C’est étrange. Il avait pris tellement de place dans l’Histoire récente de l’humanité qu’on l’aurait dit immortel.
Sa longue silhouette légèrement voûtée, son sourire doux, sa voix si spéciale, mais aussi son intelligence, son ouverture d’esprit, son sens politique, stratégique et diplomatique auront fait de lui non seulement le symbole de l’ANC et de la lutte du peuple sud-africain contre le système le plus inique de notre Histoire contemporaine, mais également un homme universel que des millions d’habitants de cette planète se sont appropriés pour ses valeurs humanistes et éthiques, sa force et son courage.

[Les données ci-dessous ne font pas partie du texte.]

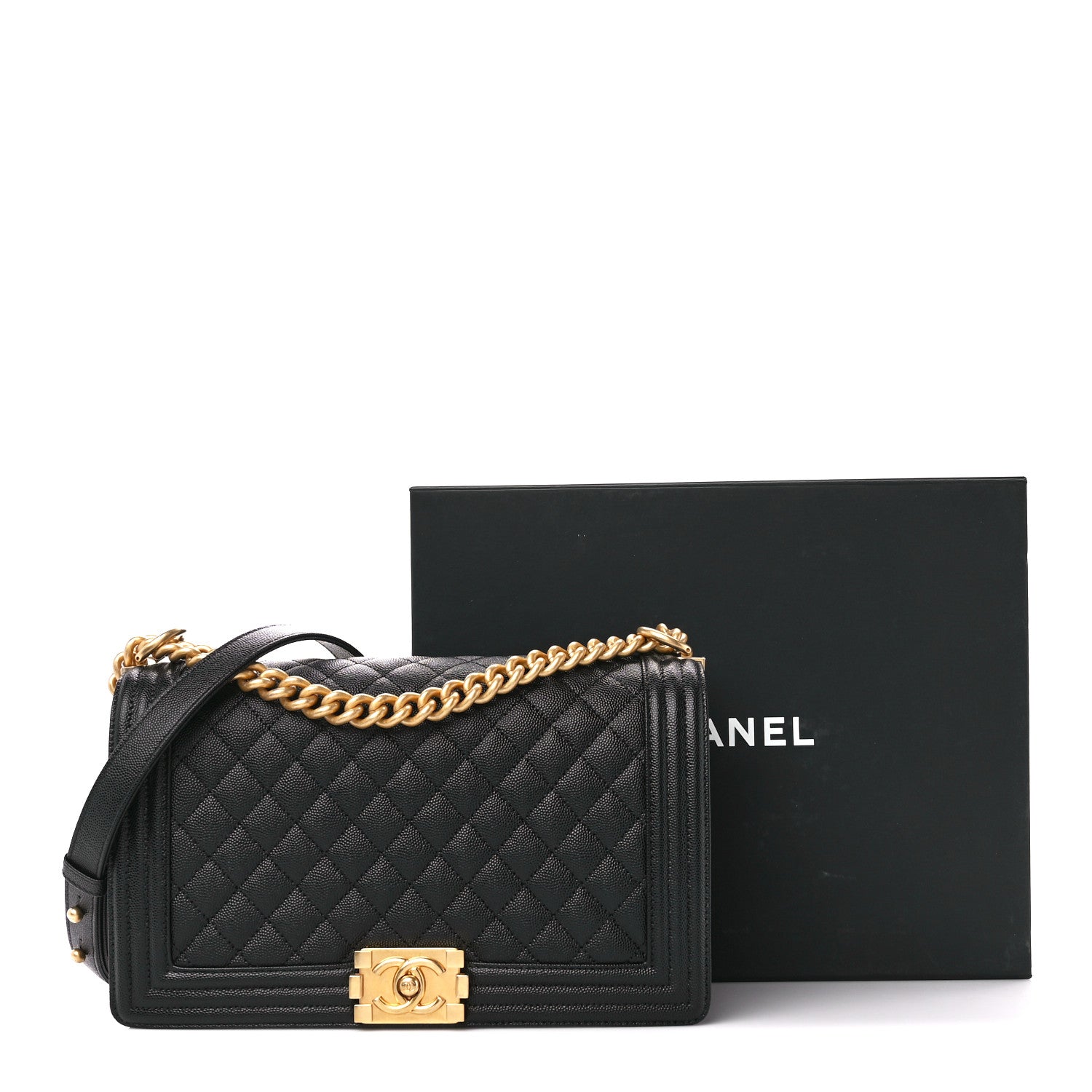 Chanel Caviar Quilted New Medium Boy Flap Black 11 of 11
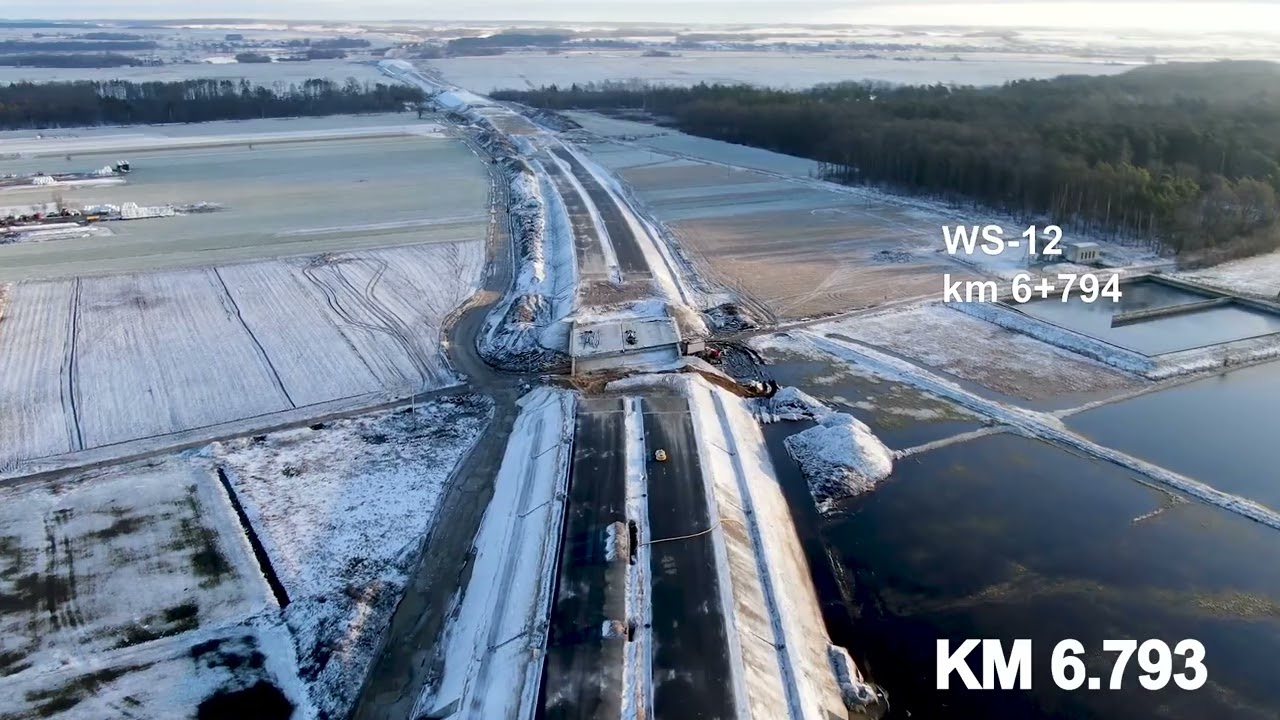 S61 Łomża – Kolno - film z powietrza - Styczeń 2024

Nelson Rolihlahla Mandela n’était pas encore né le 8 janvier 1912, il y a un siècle, lorsque fut créé l’African National Congress, l’ANC. L’Afrique du Sud connaissait alors des changements rapides. L’Union sud-africaine était désormais formée, les Noirs privés de leurs droits, les premières lois d’apartheid mises en place, même si le système n’était pas encore constitutionnalisé. Les premières mines d’or et de diamants découvertes à la fin du xixe siècle demandaient toujours plus de main-d’œuvre malléable et corvéable. Jusque-là, les batailles séparées contre l’occupant et les divisions entre les grandes chefferies avaient abouti à un échec de la lutte contre les colons boers et britanniques. Il était urgent de s’unir, comme le proclama avec force Pixley Ka Isaka, l’un des fondateurs de l’ANC, et de se battre ensemble pour la terre et la liberté. « Nous sommes un seul peuple ! », lança-t-il en 1911. « Nous sommes un seul peuple ! », ne cessera de répéter Nelson Mandela plus tard, élargissant l’appel à toutes les communautés et rappelant que, sans cette unité dans le combat – Blancs, Noirs, Indiens et Métis joignant leurs forces –, il n’y aurait point de salut.
Six ans après la création de l’ANC, le 18 juillet 1918, Nelson Rolihlahla Mandela venait au monde dans le petit village de Mvezo, dans l’ancien bantoustan du Transkei, à l’est de la province du Cap-Oriental, dans une famille xhosa, la deuxième ethnie du pays après les Zoulous. Rolihlahla, un nom prédestiné ! En langue xhosa, ce mot signifie « celui qui tire la branche d’un arbre », mais en langage plus familier, c’est « le fauteur de troubles ». Et fauteur de troubles, celui que ses ennemis appelaient « black pimpernel » (« mouton noir ») le fut.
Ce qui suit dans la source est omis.